Because we live in a world run by humans, who are messy and never sticks to the plan. Our real world systems (bureaucracy , government process, the list goes on) are never fully automated and always leaves gaps for humans to intervene. There's always a special case, an exception.
Perfectly architected code vs code that does the thing have no real world difference. Long term maintainability? Your code doesn't run in a vaccum, it depends on other things, it's output is depended on by other things. Change is real, entropy is real. Even you yourself, you perfect programmer who writes perfect code will succumb eventually and think back on all this with regret.

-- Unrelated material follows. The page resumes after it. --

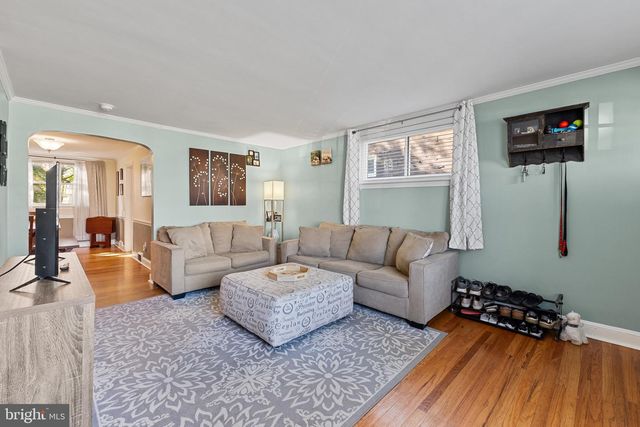 910 FARISTON DR, Drexel Hill, PA 19026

Because you yourself had to choose between time/opportunity vs your ideals and you chose wrong.
Thanks for reading my blog-in-hn comment.
And what if the foundation was made by the AI itself? What’s the excuse then?
Can the AI help with refactoring a poor codebase? Can it at least provide good suggestions for improvement if asked to broadly survey a design that happens to be substandard? Most codebases are quite bad as you say, so this is a rather critical area.
When you say multiplier, what kind of number are you talking about. Like what multiple of features shipped that don't require immediate fixes have you experienced.
my exact experience, and AI is especially fragile when you are starting new project from scratch.
Right know I'm building NNTP client for macOS (with AppKit), because why not, and initially I had to very carefully plan and prompt what AI has to do, otherwise it would go insane (integration tests are must).
Right know I have read-only mode ready and its very easy to build stuff on top of it.
Also, I had to provide a lot of SKILLS to GPT5.3
how do you know there is such thing as good code foundations, and how do you know you have it? this is an argument from ego
socketcluster nailed it. I've seen this firsthand — the same agent produces clean output when the codebase has typed specs and a manifest, and produces garbage when it's navigating tribal knowledge. The hard part was always there. Agents just can't hide it like humans can.
[dead]
I agree completely.
I just did my first “AI native coding project”. Both because for now I haven’t run into any quotas using Codex CLI with my $20/month ChatGPT subscription and the company just gave everyone an $800/month Claude allowance.
Before I even started the implementation I:
1. Put the initial sales contract with the business requirements.
2. Notes I got from talking to sales
3. The transcript of the initial discovery calls
4. My design diagrams that were well labeled (cloud architecture and what each lambda does)
5. The transcript of the design review and my explanations and answering questions.
6. My ChatGPT assisted breakdown of the Epics/stories and tasks I had to do for the PMO
I then told ChatGPT to give a detailed breakdown of everything during the session as Markdown
That was the start of my AGENTS.md file.
While working through everything task by task and having Codex/Claude code do the coding, I told it to update a separate md file with what it did and when I told it to do something differently and why.
Any developer coming in after me will have complete context of the project from the first git init and they and the agents will know the why behind every decision that was made.
Can you say that about any project that was done before GenAI?